SLAM (Simultaneous Localization and Mapping) enables a platform to estimate its pose and concurrently build a 3D map of an unknown environment using sensor data. Because of its central role in AR/VR, autonomous driving, and robotics, SLAM has attracted wide attention in both academia and industry.

Overview
SLAM provides two key capabilities: spatial localization and environment reconstruction. Mapping captures the geometric structure of the physical world and enables overlaying virtual AR/VR content onto real scenes. Localization, often expressed as 6DoF motion tracking, ensures consistent alignment of virtual and real content from different viewpoints.
XRSLAM Features
Modular design
XRSLAM is a C++ SLAM library in the OpenXRLab spatial computing platform. The algorithm implements a lightweight visual-inertial odometry (VIO) based on a monocular camera and an IMU, supports desktop and mobile platforms, and achieves near-state-of-the-art accuracy on public datasets such as EuRoC. It can process typical smartphone inputs at real-time frame rates around 30 fps.
Internally the framework is modular, accepting multiple sensor inputs and producing real-time camera poses via sensor fusion and optimization. The core VIO pipeline includes IMU preintegration, image feature matching, visual-IMU linear alignment for initialization, and sliding-window optimization. Feature matching is implemented using OpenCV optical flow.
The codebase organizes functions and classes by categories such as core modules, state estimation, multi-view geometry, visual localization, map structure, AR rendering, and utilities, which facilitates extension and integration.

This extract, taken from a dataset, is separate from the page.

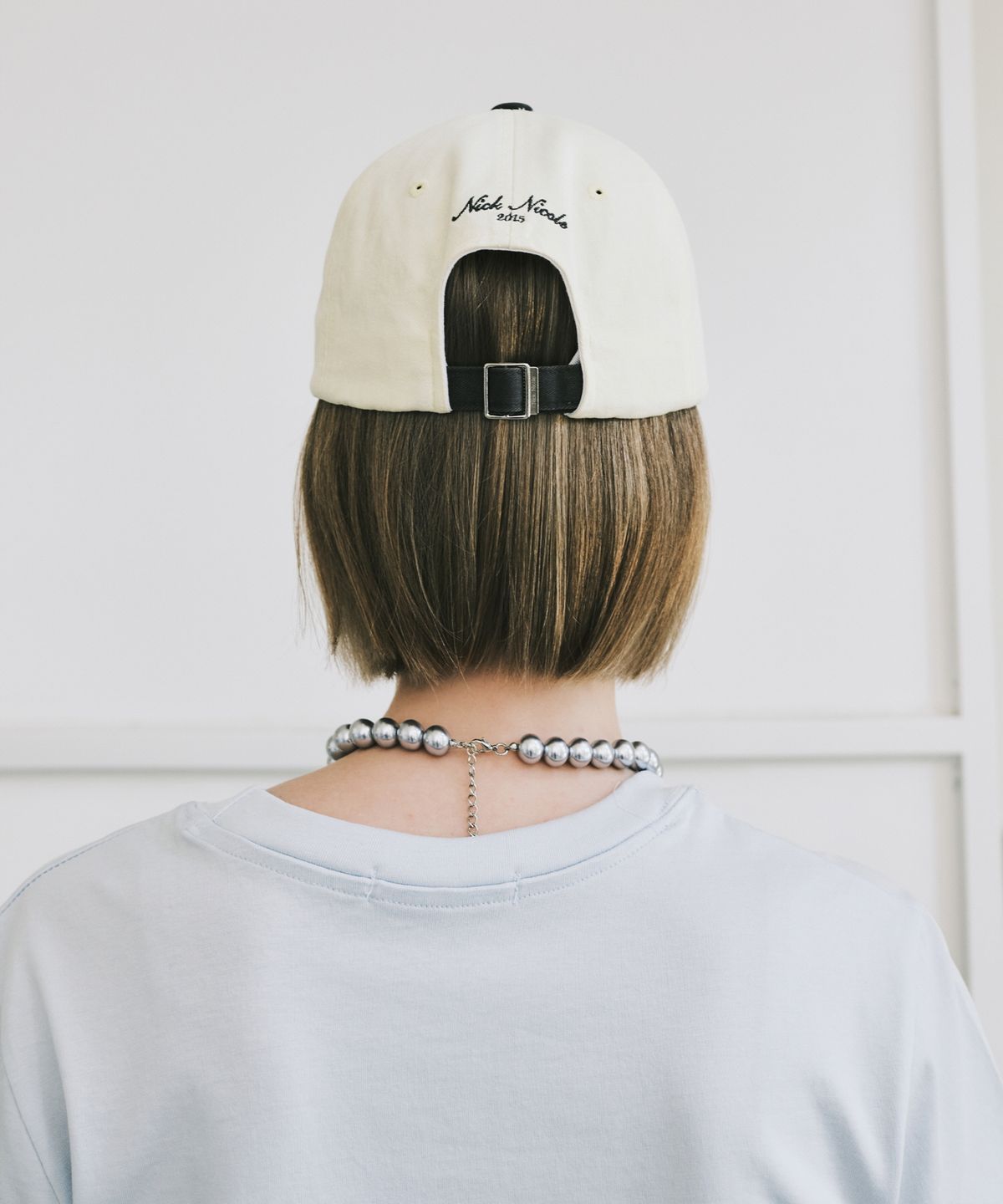 닉앤니콜(NICK&NICOLE) NICOLE LETTERING BALL CAP_YELLOW CHARCOAL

XRSLAM supports flexible multi-sensor configurations. The released version uses monocular camera plus IMU input; future extensions include stereo, depth cameras, and wide-angle optics.
Cross-platform development
The core library depends only on common libraries such as Eigen, OpenCV, and Ceres Solver, and these are included in the XRPrimer base library. XRSLAM supports building and running on Linux, macOS, Android, and iOS. The released package includes complete build flows and runnable demos for Linux/macOS and iOS.
Documentation and demos
Documentation and tutorials cover topics such as building and running on PC platforms and developing AR demos on mobile platforms.

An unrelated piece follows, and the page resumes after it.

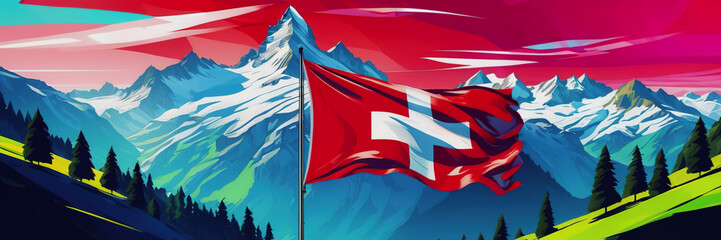 Celebrating the anniversary of Switzerland's Independence Day. The Swiss flag. nature of Switzerland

VIO operation requires prior calibration of multi-sensor parameters. The project provides calibration parameters for recent iOS devices to simplify running the supplied AR demo.

To reduce environment setup issues, a Docker image is provided to standardize the development environment.

Performance Metrics
XRSLAM was evaluated on the EuRoC dataset and compared with VINS-Mono. VINS-Mono results were reproduced from its open-source code. The evaluation shows XRSLAM achieves a clear accuracy advantage on these tests. XRSLAM is also capable of real-time operation on mobile devices, with processing efficiency supporting frame rates above 30 fps.

The presented accuracy metrics do not include loop closure functionality.


Conclusion
SLAM is a mature yet active research area with many open challenges. XRSLAM offers an open, concise, cross-platform, and extensible base for further development and research in SLAM and spatial computing.